W poniedziałek, 17 sierpnia, na sosnowieckiej Patelni odbyła się manifestacja „Solidarni z Margot”. Uczestnicy spotkali się jednak z tym, przeciwko czemu protestowali, czyli agresją i wyzwiskami.

Solidarni z Margot to demonstracje w całym kraju, których celem jest wyrażenie solidarności z zatrzymaną transseksualną aktywistką Margot. Po jej zatrzymaniu doszło do protestów na ulicach Warszawy, w wyniku których policja zatrzymała kilkadziesiąt osób. To zapoczątkowało demonstracje solidarnościowe.

– W całej Polsce odbywają się protesty po wydarzeniach, które miały miejsce na początku sierpnia w Warszawie. Na ulice stołecznego miasta wyszli wówczas młodzi ludzie, którzy sprzeciwiali się dwumiesięcznemu aresztowi dla aktywistki LGBT Margot. Także i oni zostali zatrzymani, a opublikowany wkrótce raport Rzecznika Praw Obywatelskich wskazywał za wiele nieprawidłowości w działaniach policjantów (m.in. bicie w samochodach, zatrzymywanie przypadkowych osób) – informują organizatorzy.

Do akcji dołączył także Sosnowiec, gdzie w poniedziałek, 17 sierpnia, aktywiści zebrali się, aby pokazać solidarność ze środowiskiem LGBT, ale także przeciwstawić się braku tolerancji i nienawiści. – Ostatnie wydarzenia związane z aresztowaniem Margot i bezprawną łapanką na aktywistów w Warszawie głęboko nami wstrząsnęły. Cała Polska dumnie stanęła za represjonowanymi osobami. Pokażmy, że Sosnowiec oraz całe Zagłębie Dąbrowskie i Śląsk również stoją murem za Margot i aktywistami! Pokażmy, że byliśmy, jesteśmy i będziemy tolerancyjni – czytamy na stronie wydarzenia.

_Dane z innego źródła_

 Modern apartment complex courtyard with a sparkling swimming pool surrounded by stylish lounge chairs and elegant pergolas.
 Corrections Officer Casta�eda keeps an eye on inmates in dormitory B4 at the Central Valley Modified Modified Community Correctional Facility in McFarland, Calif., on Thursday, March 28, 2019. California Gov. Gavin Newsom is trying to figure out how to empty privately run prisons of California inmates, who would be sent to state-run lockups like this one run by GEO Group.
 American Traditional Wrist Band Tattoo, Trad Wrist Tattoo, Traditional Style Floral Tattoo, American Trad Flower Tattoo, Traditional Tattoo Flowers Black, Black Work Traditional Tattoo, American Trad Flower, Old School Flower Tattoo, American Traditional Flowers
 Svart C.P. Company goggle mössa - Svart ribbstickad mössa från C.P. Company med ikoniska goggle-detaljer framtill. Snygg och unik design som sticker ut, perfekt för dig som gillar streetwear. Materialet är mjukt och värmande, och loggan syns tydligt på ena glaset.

Uczestnicy wydarzenia spotkali się jednak z tym, przeciwko czemu protestowali, czyli agresją i wyzwiskami. Zostali otoczeni przez znacznie większą grupę przeciwników, kibiców lokalnego klubu piłkarskiego, którzy obrzucili aktywistów jajkami, wyzwiskami oraz butelkami. Ponadto, mieli oni transparenty „Zagłębie wolne od LGBT” i „Sosnowiec w obronie normalności”. Interwencja policji zapobiegła większym zamieszkom.

W wydarzeniu, poza lokalną młodzieżą, udział wzięli m.in. posłanka Monika Rosa oraz były sosnowiecki radny i nauczyciel Janusz Kubicki. – Dzisiaj w Sosnowcu mogliśmy odczuć skutki polityki oświatowej ostatnich lat. Brak edukacji obywatelskiej, słabość systemu wychowawczego zaowocowały wychowaniem olbrzymiej grupy „ patriotycznych” chamów. Na nasz wiec w obronie osób LGBT, przeciwko przemocy, przybyło kilkuset „ gości” pokazując swą „ patriotyczną kulturę”. Takiego pokazu chamstwa, obrażania nigdy nie przeżyłem i nikomu nie życzę. Nie zrezygnowaliśmy choć wymagało to trochę odwagi – napisał Janusz Kubicki.

Podobnego zdania byli inni uczestnicy wydarzenia. – Spotkaliśmy się by pokazać, że szacunek i tolerancja są wartościami uniwersalnymi ale jak widać było wielu takich, którym te wartości są obce. Oni wybrali pogardę i chamstwo. Obrzucanie ludzi jajkami to był szczyt odwagi z ich strony. Taka patologia kibicowska – mówi jeden z uczestników wydarzenia.

Kilka osób widząc eskalujące napięcie zrezygnowało z udziału w wydarzeniu. – Tolerancja i otwartość wymagają siły moralnej. Niech podsumowaniem będą łzy mojej starszej koleżanki, która stwierdziła, że wielu „gości” to jej byli uczniowie. Ciekaw jestem reakcji władz miasta, ludzi odpowiedzialnych za edukację na te wydarzenia. Chyba nie ma powodów do dumy? – dodaje Janusz Kubicki.